Things all started to hit home for me, when I began to put myself in other people’s shoes. So for instance:

If I were a parent of a student, who all of the sudden came out to me as gay, and the next day I go to church… who exactly am I going to talk to about this? Who is going to be a safe place for me? Am I going to be judged as being a bad or failed parent? Am I going to get kicked out of my church if I don’t respond the way “they” want me to? Is my KID going to be safe in this church community with this struggle? Will he/she be met with love and acceptance?  Will he/she ever want to go to church again?

OR what if…

If I were that gay student? Would I be able to talk about this topic that is a huge part of my life without being attacked? Would I be told that I am nasty and am going to hell? Is there person who has gone through this that I could go talk to and seek mentorship from at my church?

If I were in those shoes, the CHURCH is the one place I would want to know, that without a doubt, I could go to receive guidance, love, grace, and acceptance. The church should be the one place, that when someone walks through those doors, they know that every single time they will have family who loves you, no matter what’s going on in your life. Whether you’re battling alcoholism, struggling through a divorce, are trapped in pornography, or trying to figure out your identity.

When I talk about “the church”, I’m talking about myself too… because I have to confess, I haven’t always been that type of a welcoming person. I have certainly tried to be, but just like most everyone else in the church, I’ve made some mistakes along the way that I wish I could go back and do over. I have had judgmental attitudes towards people who 1) weren’t Christians, and 2) had struggles that I didn’t understand. Where was the acceptance and forgiveness that was first extended to me by Christ “while I was still a sinner”? Thank God for his grace and mercy. Thank God that he’s a God of second chances… and 3rd & 4th & 5th chances. Thank God that he extended ME grace and forgiveness.

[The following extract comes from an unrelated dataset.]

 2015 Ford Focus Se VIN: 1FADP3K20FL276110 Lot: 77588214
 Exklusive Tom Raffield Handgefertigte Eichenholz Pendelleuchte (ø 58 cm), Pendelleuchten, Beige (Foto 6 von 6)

If you haven’t noticed yet, this post isn’t directed at the LGBTQ community. It’s directed at the church. At myself. At you. You see we are failing this community! The tactics of, “let’s abolish gay people from our church in order that they will see their sin and change” has not worked; is not working; and I doubt it will magically start working in the future. We, the church, have been unsuccessful at reaching out to our LGBTQ brothers and sisters. You know, those other sons and daughters of God who have different struggles than most of us. If you don’t believe me, just look around your church. How many gay men and women are in your church? … Probably not a lot. Transgender? Bi-Sexual? Maybe there are a few in your student ministry, and that’s about it.  Now look again. How many people do you see who have fallen short of the glory of God? I see a lot.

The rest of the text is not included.